RecruitingPhase 1NCT07241234

A Study to Evaluate Safety, Tolerability, Pharmacokinetics, and Pharmacodynamics of AG-181 in Subjects With Phenylketonuria

A Phase 1b, Open-label, Multicenter, Safety, Tolerability, Pharmacokinetics, and Pharmacodynamics Study of AG-181 in Subjects With Phenylketonuria

Sponsor

Agios Pharmaceuticals, Inc.

Enrollment

20 participants

Start Date

Apr 21, 2026

Study Type

INTERVENTIONAL

Conditions

The primary purpose of this study is to assess the safety and tolerability of AG-181 in subjects with Phenylketonuria (PKU).
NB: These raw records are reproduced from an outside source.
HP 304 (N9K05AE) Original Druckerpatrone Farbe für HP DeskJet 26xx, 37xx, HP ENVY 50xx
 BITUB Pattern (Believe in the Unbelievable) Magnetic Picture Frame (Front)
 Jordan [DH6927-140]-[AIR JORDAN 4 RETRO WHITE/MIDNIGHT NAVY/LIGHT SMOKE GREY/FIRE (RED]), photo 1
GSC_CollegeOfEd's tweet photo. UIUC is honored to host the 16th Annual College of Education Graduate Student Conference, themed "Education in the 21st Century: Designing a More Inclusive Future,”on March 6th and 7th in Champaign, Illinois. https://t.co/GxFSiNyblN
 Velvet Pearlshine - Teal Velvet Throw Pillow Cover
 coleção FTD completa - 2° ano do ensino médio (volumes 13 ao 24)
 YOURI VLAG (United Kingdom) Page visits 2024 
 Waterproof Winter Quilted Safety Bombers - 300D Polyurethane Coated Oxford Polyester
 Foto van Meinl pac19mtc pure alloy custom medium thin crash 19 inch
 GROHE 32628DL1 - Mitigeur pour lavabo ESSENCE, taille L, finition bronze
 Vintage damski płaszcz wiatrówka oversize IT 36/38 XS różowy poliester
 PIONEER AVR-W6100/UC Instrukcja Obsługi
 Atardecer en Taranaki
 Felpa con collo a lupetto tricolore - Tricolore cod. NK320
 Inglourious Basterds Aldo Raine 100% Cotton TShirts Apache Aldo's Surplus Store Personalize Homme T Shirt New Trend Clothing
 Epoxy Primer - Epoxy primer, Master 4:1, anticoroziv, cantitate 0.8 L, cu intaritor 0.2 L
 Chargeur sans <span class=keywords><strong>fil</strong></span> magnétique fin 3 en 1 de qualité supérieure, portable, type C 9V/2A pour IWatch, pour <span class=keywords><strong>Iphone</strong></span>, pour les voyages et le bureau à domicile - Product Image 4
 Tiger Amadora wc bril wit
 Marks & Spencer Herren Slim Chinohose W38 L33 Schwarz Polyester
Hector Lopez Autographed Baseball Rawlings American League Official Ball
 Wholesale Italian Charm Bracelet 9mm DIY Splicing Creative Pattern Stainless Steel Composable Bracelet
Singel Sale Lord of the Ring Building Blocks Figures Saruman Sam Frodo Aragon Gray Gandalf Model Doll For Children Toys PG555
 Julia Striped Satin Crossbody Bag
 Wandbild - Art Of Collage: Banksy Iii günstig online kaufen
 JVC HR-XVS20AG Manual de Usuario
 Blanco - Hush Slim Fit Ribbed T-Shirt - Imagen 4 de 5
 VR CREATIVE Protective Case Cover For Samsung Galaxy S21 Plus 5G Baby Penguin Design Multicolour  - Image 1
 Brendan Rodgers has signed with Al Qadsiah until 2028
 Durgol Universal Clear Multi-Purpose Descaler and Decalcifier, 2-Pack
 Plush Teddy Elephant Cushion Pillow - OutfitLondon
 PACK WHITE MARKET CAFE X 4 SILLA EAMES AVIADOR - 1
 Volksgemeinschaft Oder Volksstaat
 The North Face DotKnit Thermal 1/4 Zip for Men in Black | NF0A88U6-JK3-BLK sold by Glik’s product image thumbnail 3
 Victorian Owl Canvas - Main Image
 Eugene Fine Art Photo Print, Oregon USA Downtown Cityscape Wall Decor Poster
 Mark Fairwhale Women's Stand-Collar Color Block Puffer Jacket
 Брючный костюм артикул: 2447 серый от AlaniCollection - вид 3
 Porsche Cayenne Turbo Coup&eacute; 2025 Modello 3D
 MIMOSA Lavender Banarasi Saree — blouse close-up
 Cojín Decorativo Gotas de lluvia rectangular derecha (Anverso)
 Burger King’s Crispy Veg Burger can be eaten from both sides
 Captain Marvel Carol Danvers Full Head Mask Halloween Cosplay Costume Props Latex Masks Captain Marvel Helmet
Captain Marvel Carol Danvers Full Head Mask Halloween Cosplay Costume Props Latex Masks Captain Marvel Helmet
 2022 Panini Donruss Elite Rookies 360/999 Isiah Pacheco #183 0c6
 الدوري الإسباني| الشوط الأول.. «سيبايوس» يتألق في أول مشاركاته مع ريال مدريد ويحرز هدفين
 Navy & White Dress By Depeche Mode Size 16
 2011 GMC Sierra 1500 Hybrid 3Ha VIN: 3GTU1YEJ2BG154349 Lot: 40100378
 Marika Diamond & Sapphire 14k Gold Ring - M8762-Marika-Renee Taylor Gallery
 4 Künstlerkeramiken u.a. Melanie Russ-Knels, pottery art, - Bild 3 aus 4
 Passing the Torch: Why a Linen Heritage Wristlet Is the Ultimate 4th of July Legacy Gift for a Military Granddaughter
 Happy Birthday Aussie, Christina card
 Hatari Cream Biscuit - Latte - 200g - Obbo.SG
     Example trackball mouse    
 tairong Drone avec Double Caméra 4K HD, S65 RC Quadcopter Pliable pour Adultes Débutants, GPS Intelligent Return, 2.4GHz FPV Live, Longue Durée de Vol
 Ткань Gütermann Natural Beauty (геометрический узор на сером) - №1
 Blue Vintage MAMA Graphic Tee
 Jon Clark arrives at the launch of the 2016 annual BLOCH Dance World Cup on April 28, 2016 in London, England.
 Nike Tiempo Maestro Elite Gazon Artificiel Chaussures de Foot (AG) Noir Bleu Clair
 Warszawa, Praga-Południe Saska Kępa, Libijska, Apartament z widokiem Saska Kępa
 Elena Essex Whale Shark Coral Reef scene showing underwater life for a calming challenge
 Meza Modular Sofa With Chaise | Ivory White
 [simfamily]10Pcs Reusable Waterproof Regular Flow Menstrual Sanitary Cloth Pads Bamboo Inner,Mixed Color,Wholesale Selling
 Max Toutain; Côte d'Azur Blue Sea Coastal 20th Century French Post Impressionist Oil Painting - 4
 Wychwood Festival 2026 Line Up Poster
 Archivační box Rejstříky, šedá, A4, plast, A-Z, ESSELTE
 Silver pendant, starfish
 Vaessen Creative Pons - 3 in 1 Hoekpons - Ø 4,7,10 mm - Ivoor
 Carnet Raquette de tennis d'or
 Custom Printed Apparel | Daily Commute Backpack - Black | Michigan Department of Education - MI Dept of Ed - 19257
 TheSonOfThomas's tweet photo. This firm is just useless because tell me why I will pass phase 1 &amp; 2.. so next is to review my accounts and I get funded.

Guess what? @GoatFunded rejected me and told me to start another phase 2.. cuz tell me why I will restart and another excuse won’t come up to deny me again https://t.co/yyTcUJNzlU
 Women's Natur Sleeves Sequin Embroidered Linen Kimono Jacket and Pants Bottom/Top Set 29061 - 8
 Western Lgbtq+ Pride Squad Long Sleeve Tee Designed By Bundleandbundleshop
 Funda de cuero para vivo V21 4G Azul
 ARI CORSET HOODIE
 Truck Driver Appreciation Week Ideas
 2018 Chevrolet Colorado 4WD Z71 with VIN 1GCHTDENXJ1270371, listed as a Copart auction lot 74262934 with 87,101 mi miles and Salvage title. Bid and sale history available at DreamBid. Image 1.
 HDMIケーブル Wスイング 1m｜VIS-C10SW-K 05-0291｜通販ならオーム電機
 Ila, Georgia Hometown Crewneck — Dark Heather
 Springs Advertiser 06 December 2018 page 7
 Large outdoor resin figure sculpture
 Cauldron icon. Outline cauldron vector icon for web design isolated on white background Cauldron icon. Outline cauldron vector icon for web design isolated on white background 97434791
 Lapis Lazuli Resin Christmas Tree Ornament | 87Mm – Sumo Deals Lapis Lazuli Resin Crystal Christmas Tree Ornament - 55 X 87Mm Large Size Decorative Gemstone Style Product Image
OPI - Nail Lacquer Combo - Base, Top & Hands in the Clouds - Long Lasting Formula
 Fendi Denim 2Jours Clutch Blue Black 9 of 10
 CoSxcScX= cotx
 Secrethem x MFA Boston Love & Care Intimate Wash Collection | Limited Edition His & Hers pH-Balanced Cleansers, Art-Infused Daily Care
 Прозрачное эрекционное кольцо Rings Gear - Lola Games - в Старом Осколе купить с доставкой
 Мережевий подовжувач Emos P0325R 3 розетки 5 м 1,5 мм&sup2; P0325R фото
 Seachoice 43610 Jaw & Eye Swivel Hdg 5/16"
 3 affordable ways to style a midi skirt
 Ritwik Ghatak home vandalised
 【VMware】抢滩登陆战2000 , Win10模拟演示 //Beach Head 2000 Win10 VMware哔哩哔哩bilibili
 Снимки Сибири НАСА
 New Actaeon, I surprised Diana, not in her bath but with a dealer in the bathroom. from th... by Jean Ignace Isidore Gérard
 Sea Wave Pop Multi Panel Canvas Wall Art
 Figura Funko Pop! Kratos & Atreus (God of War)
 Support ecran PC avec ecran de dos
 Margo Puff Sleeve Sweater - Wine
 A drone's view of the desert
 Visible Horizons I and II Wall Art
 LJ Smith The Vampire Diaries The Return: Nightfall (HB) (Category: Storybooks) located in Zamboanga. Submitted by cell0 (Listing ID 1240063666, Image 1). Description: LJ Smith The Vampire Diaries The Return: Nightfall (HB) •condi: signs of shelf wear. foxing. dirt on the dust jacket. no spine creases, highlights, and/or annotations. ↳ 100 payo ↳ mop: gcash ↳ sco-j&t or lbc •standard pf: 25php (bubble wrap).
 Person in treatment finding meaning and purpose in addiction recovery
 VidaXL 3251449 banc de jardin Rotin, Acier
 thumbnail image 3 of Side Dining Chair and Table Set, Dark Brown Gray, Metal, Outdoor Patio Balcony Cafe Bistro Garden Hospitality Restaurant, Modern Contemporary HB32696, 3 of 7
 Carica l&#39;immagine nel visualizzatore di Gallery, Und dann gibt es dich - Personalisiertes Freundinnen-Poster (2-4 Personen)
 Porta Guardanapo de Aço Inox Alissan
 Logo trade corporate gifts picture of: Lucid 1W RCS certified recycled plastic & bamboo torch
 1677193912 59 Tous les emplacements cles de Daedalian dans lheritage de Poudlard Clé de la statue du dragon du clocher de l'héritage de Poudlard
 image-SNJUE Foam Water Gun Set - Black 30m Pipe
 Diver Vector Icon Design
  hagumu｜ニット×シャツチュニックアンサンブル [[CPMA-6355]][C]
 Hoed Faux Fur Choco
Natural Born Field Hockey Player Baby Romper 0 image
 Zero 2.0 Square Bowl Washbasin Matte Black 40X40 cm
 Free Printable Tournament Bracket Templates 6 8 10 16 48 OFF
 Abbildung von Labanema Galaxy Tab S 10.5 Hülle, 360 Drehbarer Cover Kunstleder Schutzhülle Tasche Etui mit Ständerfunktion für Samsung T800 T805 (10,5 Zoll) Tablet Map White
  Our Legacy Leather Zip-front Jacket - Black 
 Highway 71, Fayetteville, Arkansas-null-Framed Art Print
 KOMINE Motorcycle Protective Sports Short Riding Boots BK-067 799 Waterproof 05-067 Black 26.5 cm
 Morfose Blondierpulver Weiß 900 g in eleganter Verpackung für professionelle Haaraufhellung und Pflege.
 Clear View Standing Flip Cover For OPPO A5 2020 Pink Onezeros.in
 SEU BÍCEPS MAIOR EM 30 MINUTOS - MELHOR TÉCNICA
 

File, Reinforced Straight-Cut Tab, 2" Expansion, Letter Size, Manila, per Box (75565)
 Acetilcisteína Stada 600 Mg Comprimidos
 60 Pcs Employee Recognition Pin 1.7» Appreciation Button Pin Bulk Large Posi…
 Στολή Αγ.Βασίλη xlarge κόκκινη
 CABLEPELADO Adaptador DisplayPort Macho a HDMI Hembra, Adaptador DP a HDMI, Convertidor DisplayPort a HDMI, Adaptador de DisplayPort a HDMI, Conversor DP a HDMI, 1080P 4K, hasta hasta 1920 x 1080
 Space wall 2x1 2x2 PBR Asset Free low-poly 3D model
Min Age: 18 YearsMax Age: 69 Years

Diagnosis of PKU, defined as documented presence of 2 mutant alleles in the phenylalanine hydroxylase (PAH) gene, of which at least 1 is the R408W mutation, as determined during Screening per the genotyping performed by the study central genotyping laboratory.
At least 1 plasma Phe concentration greater than (>) 600 micromoles per liter (μmol/L) in the 52 weeks before providing informed consent.
Average concentration of plasma Phe > 600 μmol/L in Phe samples taken during Screening, with no individual assessment below 360 μmol/L. Any Phe samples taken after Day -20 will not be included.
Body mass index (BMI) greater than or equal to (≥) 18.0 kilograms per meter square (kg/m\^2) to lesser than or equal to (≤) 35.0 kg/m\^2 and weight ≥ 50 kilograms (kg) at any time during the Screening Period.
Documented approval from a dietitian confirming that the subject can maintain their diet consistent in protein and Phe intake throughout the study as outlined in the Diet Manual.

Prior exposure to AG-181.
Receiving inhibitors of P-glycoprotein (P-gp) that have not been stopped for ≥ 5 days or a timeframe equivalent to 5 half-lives (whichever is longer) before administration of the first dose of study drug.
Receiving products that are strong inhibitors or strong inducers of cytochrome P450 CYP1A2, CYP2C8, or CYP3A that have not been stopped for ≥ 28 days before administration of the first dose of study drug.
Receiving treatment with an acid-reducing agent, including but not limited to proton pump inhibitors and H2 blockers. Short-acting acid-reducing agents such as calcium carbonate are permitted.
Any preexisting condition that could (in the opinion of the Investigator) interfere with gastrointestinal anatomy or motility that may disrupt the absorption, metabolism, and/or excretion of the study drug.
Any preexisting condition that could (in the opinion of the Investigator) interfere with hepatic or renal function that may disrupt the absorption, metabolism, and/or excretion of the study drug.
Inability to tolerate oral medication.
Unwillingness to washout from tetrahydrobiopterin (BH4) supplementation (eg, sapropterin dihydrochloride, Kuvan), pegvaliase-pqpz (Palynziq), or any other PKU therapy by Day -30 during Screening.